In order to do this, we’ll ‘lift’ the parameters of our existing model to random variables. We can do this in Pyro via random_module(), which effectively takes a given nn.Module and turns it into a distribution over the same module; in our case, this will be a distribution over regressors. Specifically, each parameter in the original regression model is sampled from the provided prior. This allows us to repurpose vanilla regression models for use in the Bayesian setting. For example:

loc = torch.zeros(1, 1)
scale = torch.ones(1, 1)
# define a unit normal prior
prior = Normal(loc, scale)
# overload the parameters in the regression module with samples from the prior
lifted_module = pyro.random_module("regression_module", nn, prior)
# sample a nn from the prior
sampled_reg_model = lifted_module()


We now have all the ingredients needed to specify our model. First we define priors over weights, biases, and factor. Note the priors that we are using for the different latent variables in the model. The prior on the intercept parameter is very flat as we would like this to be learnt from the data. We are using a weakly regularizing prior on the regression coefficients to avoid overfitting to the data.
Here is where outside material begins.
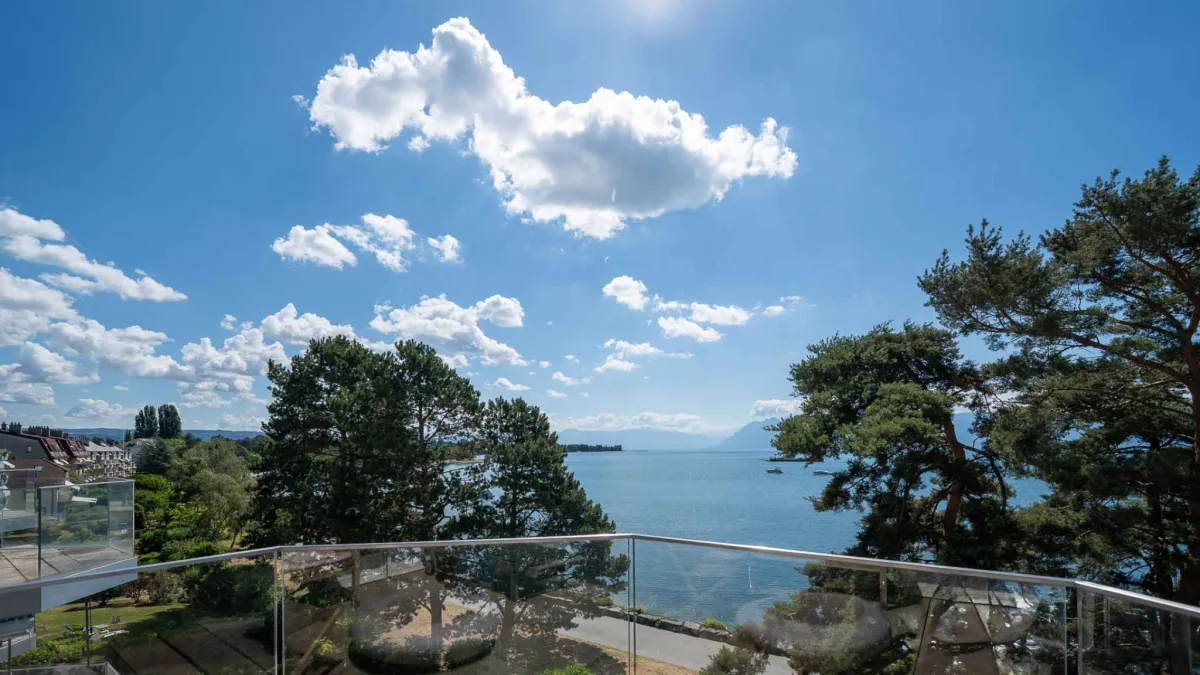 Magnifique appartement en duplex avec vue panoramique sur le lac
We wrap regression_model with random_module and sample an instance of the regressor, lifted_reg_model. We then run the regressor on x_data. Finally we use the obs argument to the pyro.sample statement to condition on the observed data y_data with a learned observation noise sigma.

In [6]:
def model(x_data, y_data):
    # weight and bias priors
    w_prior = Normal(torch.zeros(1, 2), torch.ones(1, 2)).to_event(1)
    b_prior = Normal(torch.tensor([[8.]]), torch.tensor([[1000.]])).to_event(1)
    f_prior = Normal(0., 1.)
    priors = {'linear.weight': w_prior, 'linear.bias': b_prior, 'factor': f_prior}
    scale = pyro.sample("sigma", Uniform(0., 10.))
    # lift module parameters to random variables sampled from the priors
    lifted_module = pyro.random_module("module", regression_model, priors)
    # sample a nn (which also samples w and b)
    lifted_reg_model = lifted_module()
    with pyro.plate("map", len(x_data)):
        # run the nn forward on data
        prediction_mean = lifted_reg_model(x_data).squeeze(-1)
        # condition on the observed data
                    Normal(prediction_mean, scale),
        return prediction_mean


In order to do inference we’re going to need a guide, i.e. a variational family of distributions. We will use Pyro’s autoguide library to automatically place Gaussians with diagonal covariance on all of the distributions in the model. Under the hood, this defines a guide function with Normal distributions with learnable parameters corresponding to each sample() in the model. Autoguide also supports learning MAP estimates with AutoDelta or composing guides with AutoGuideList (see the docs for more information). In Part II we will explore how to write guides by hand.

In [7]:
from pyro.contrib.autoguide import AutoDiagonalNormal
guide = AutoDiagonalNormal(model)


To do inference we’ll use stochastic variational inference (SVI) (for an introduction to SVI, see SVI Part I). Just like in the non-Bayesian linear regression, each iteration of our training loop will take a gradient step, with the difference that in this case, we’ll use the ELBO objective instead of the MSE loss by constructing a Trace_ELBO object that we pass to SVI.

In [8]:
optim = Adam({"lr": 0.03})
svi = SVI(model, guide, optim, loss=Trace_ELBO(), num_samples=1000)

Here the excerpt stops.